The Liberal Democratic Party’s abuse of its massive majority in the Diet reached a new low with its move to ram questionable Upper House electoral reform through the chamber.

An Upper House committee and the chamber’s plenary session on July 11 passed the LDP-sponsored bill to revise the Public Offices Election Law to increase the number of its seats by six.

The bill was passed in the face of opposition from all the opposition parties.

Although the bill will be sent to the Lower House, it is firmly on track to become law.

An electoral system affects the foundation of democracy. The ruling party has unilaterally and forcibly changed the way the Upper House is elected through just six hours of debate at a committee.

This is a legislative outrage, pure and simple, and an act of making a mockery of the democratic process.

To make the LDP’s move even more maddening, the bill is totally aimed at serving the party’s political interests.

In addition to increasing the number of Upper House members to be elected from Saitama Prefecture by two, the bill is also designed to introduce a “special category” into each party’s list of candidates for the chamber’s proportional representation seats. Each party will be allowed to list candidates on whom it puts a high priority as “special category” candidates, while its other proportional representation candidates are elected in order of the number of votes they have garnered, under the current system. The total number of proportional representation seats will be increased by four.

This change is clearly intended as a means to save the jobs of LDP Upper House members who will be unable to run from a prefectural constituency because of the integration of two pairs of prefectural districts--the Shimane and Tottori districts and the Tokushima and Kochi districts--into one each. This integration has cut the number of candidates to be elected from these four prefectures in a specific Upper House poll from four to two--one from the new Shimane-Tottori district and one from the Tokushima-Kochi district.

Previously, each party determined who on its list of candidates for the proportional representation seats had been elected according to the number of seats it had been allocated according to the total number of votes it had won.

But in 2000, the LDP forcibly changed this system to one under which the proportional representation candidates are elected in order of the number of “candidate name votes” they had won.

The latest reform will change the system partially back to the old approach.

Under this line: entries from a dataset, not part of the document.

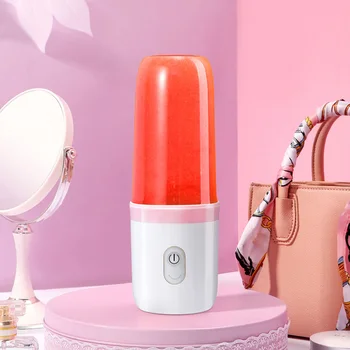 

USB Small Mini Portable Single Individual Fruit Juicer Mixer Rechargeable Electric Juicer J2Y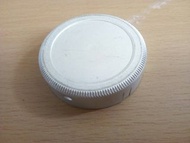 Exakta 鏡頭用德國製造金屬銀色底蓋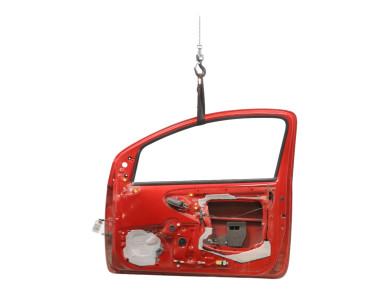 Porte droite (3 portes) - Citroen C1 I PH.1 - Rouge Fonce - 1612543180 - U1-4081A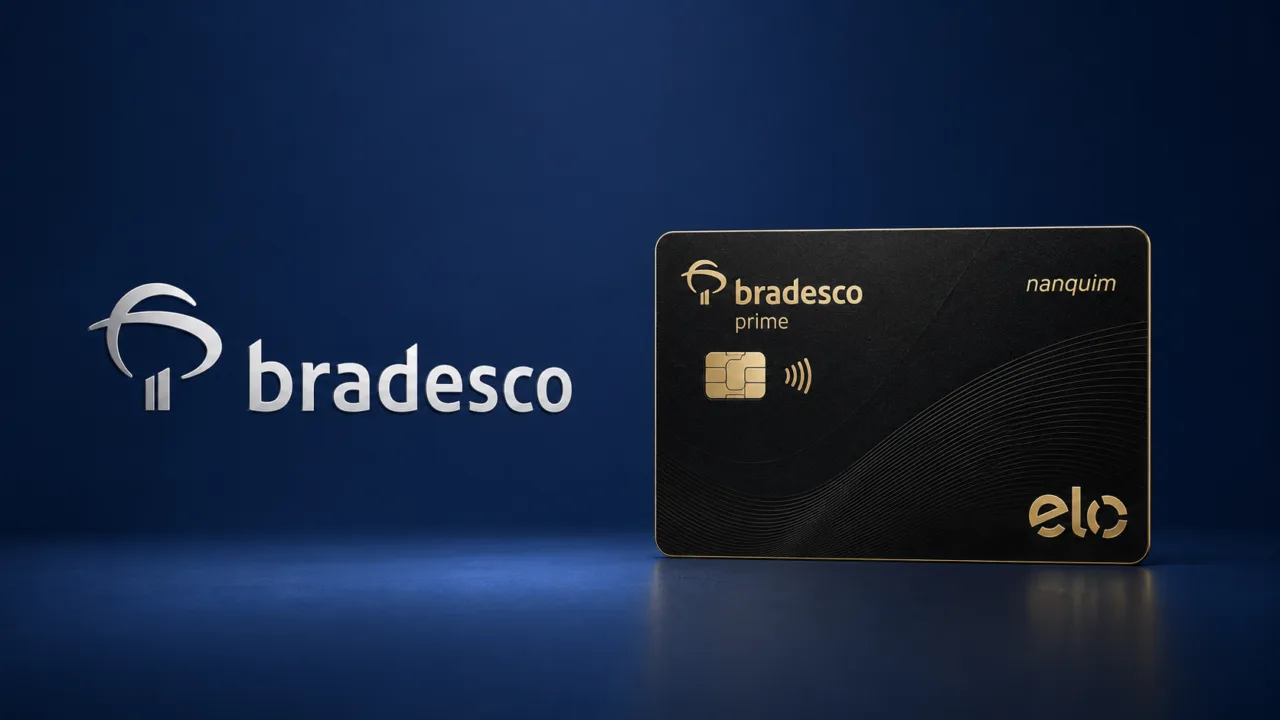 Cartão Bradesco Prime Elo Nanquim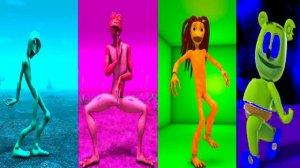 Alien dance Funny alien Dame tu cosita Funny alien dance Green alien dance Dance song Challenge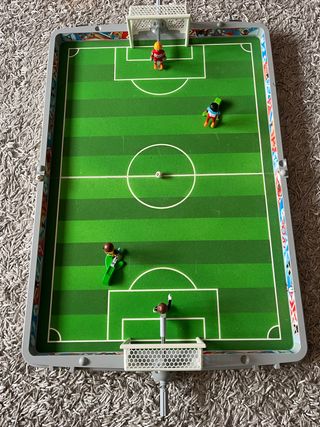 futbolín Playmobil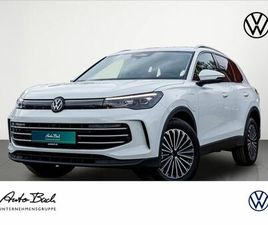 VOLKSWAGEN TIGUAN ELEGANCE 1,5 L EHYBRID OPF 110 KW (150 PS
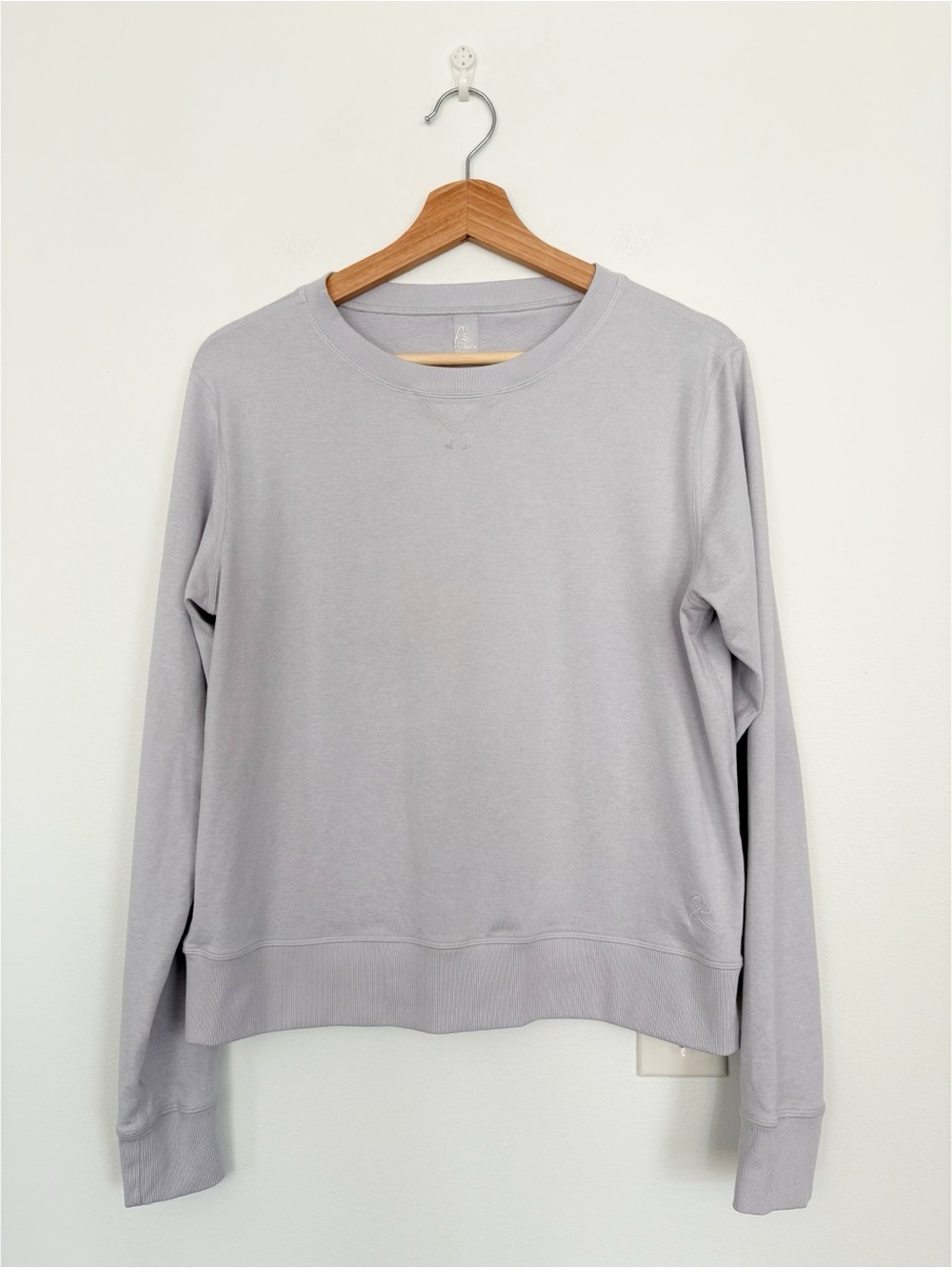 Rhoback || Swift Performance Crew Sweatshirt Grey Small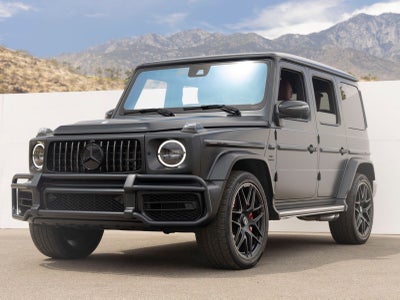2022 Mercedes-Benz G-Class G 63 AMG® 4MATIC®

This is political opportunism at its worst.

The bill doesn’t specify the number of candidates that can be listed for the special high priority category. It only says a party can designate “a part” of its proportional representation candidates for this class, which means parties can list as many candidates for this category as they like as long as they don’t include “all” their candidates for the proportional representation segment.

This new quota element will make the voting system for the Upper House’s proportional representation component, which already requires voters to decide whether to write the name of a candidate or that of a party, even more complicated.

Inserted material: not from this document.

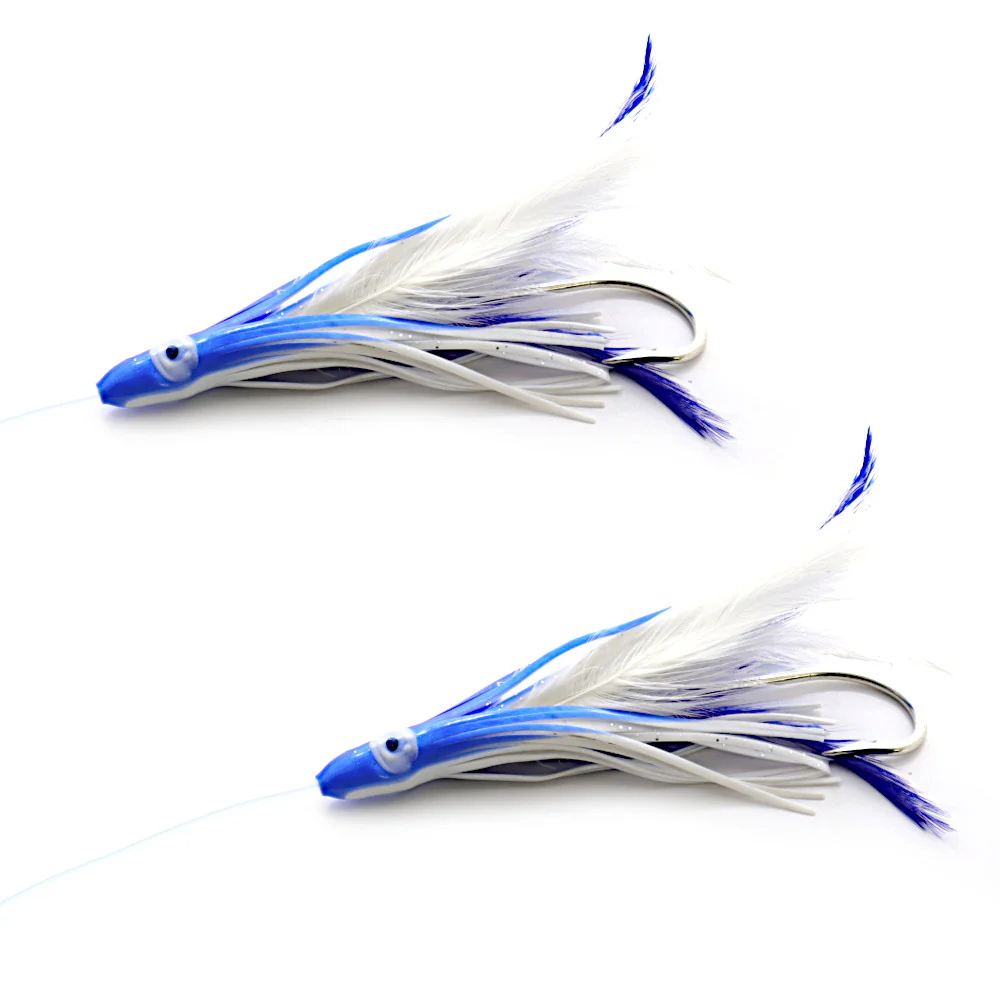 Jaw Lures Tuna and Mahi Feathers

At the time of the previous revision to the Upper House electoral system in 2015, which integrated the two pairs of prefectural constituencies, the parties agreed on an additional clause calling for a “fundamental review” of the overall system by the 2019 Upper House poll, saying a decision based on the review has to be made without fail.

This raised expectations of a major reform of the system to elect the Upper House, which not only redresses the serious disparity of vote values, but also reflects new definitions of the different roles of the Upper and Lower houses.

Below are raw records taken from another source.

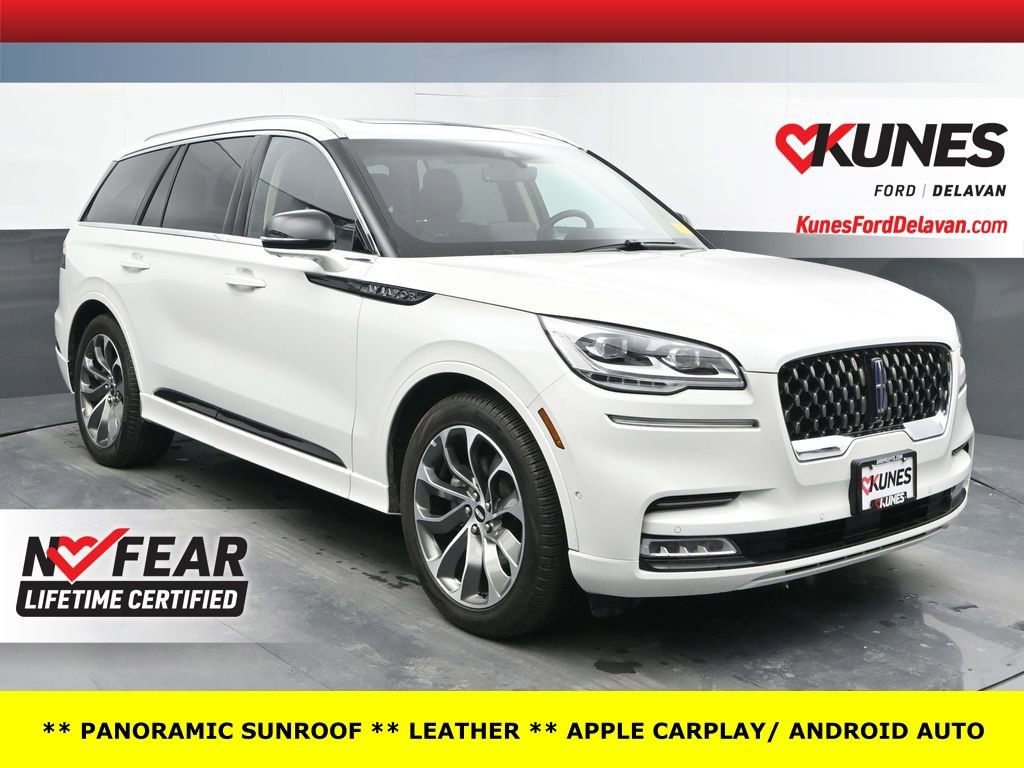 Used 2021 Lincoln Aviator Grand Touring w/ Equipment Group 302A image 1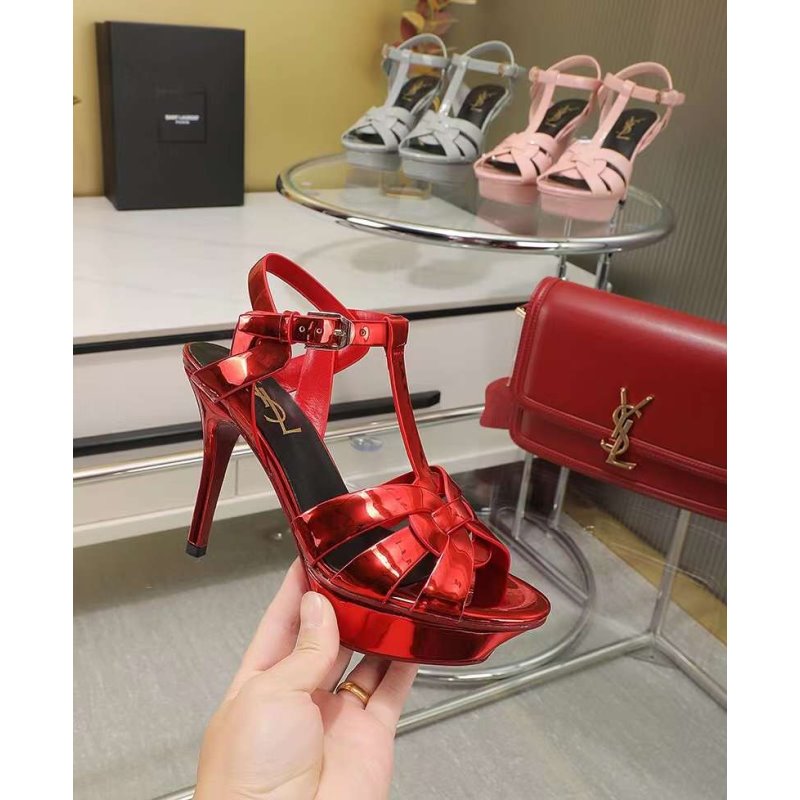 Saint Laurent  High Heeled Sandals SHS05292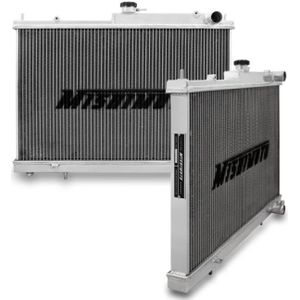 Mishimoto R33/R34 Nissan Skyline (NON R34 GTR) Manual Aluminum Radiator - MMRAD-RHD-R33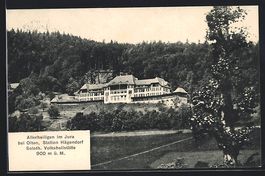 Hägendorf, Soloth. Volksheilstätte All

But the LDP’s bill will not make any change to the basic framework of the current dual system of prefectural constituencies and proportional representation. The only improvement will be a reduction in the vote-value disparity slightly below 3-to-1 due to the increase of the number of seats elected from Saitama Prefecture from six to eight.

During the party head debate in June, Prime Minister Shinzo Abe admitted that the revision is a “stopgap measure.”

There is absolutely no element that qualifies as a major reform.

Such contempt for the law should never be tolerated.

The only past increase in the number of the Upper House seats occurred when it was raised by two after Okinawa was returned to Japan in 1972, creating a new prefectural constituency.

The LDP has failed to make any compelling case for the latest increase, only the second in history.

During the debate on the Upper House electoral system, some parties made proposals for a radical overhaul. Komeito, the LDP’s junior coalition partner, and Nippon Ishin (Japan Innovation Party) proposed to replace the current system with one based on 11 regional constituencies.

The Democratic Party for the People and the coalition of the Constitutional Democratic Party and the Party of Hope have also submitted their own proposals.

But the LDP gave the cold shoulder to all these proposals and Komeito eventually played ball with the ruling party.

The LDP’s outrageous act has strongly underscored the crisis of democracy in this nation.